WHAT IS NEEDED: Transcribe every line below exactly; no image goes into the output.

INPUT DATA:
----------
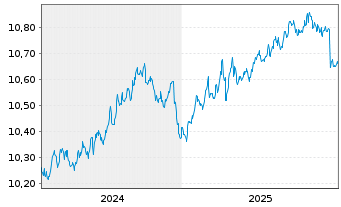 Chart Amundi Gl Gov Infl 1-10Y UCITS ETF Dist - 5 Jahre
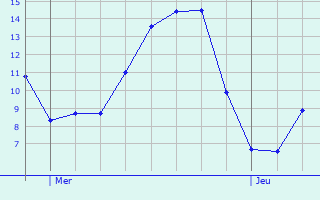 Graphique des tempratures prvues pour Erquelinnes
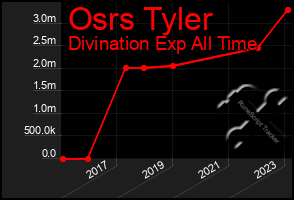 Total Graph of Osrs Tyler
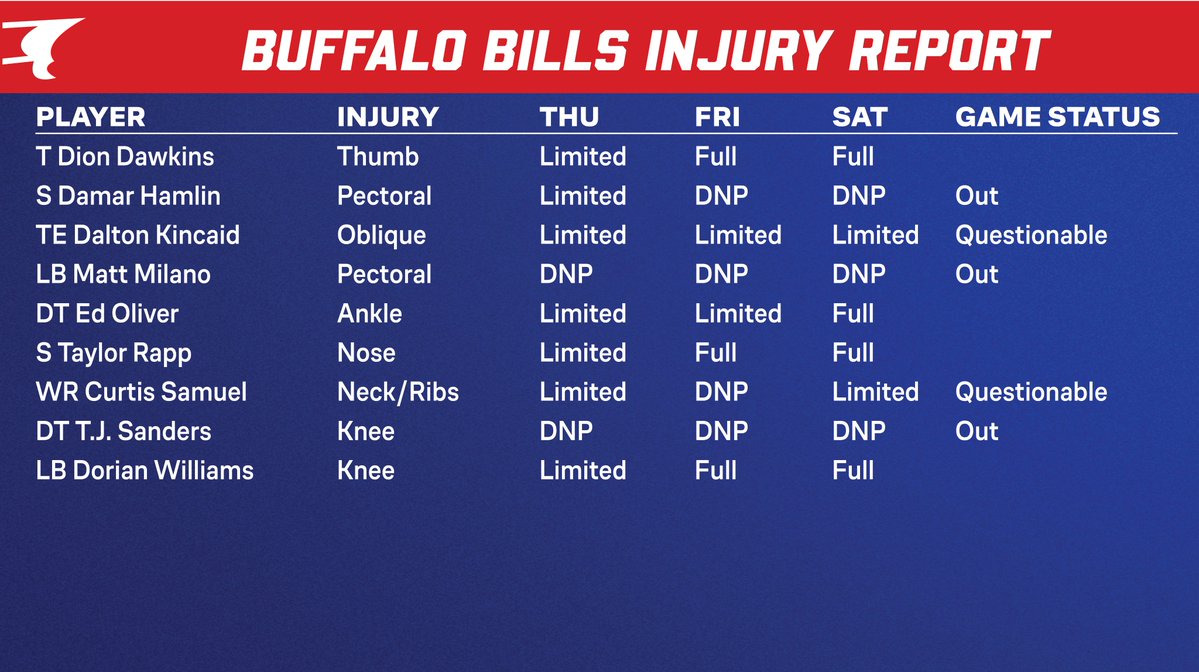 BuffaloBillsPR's tweet image. Saturday injury report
----------
ANSWER AREA:
 Chart Amundi Gl Gov Infl 1-10Y UCITS ETF Dist - 5 Jahre
 Graphique des tempratures prvues pour Erquelinnes
 Total Graph of Osrs Tyler
 BuffaloBillsPR's tweet image. Saturday injury report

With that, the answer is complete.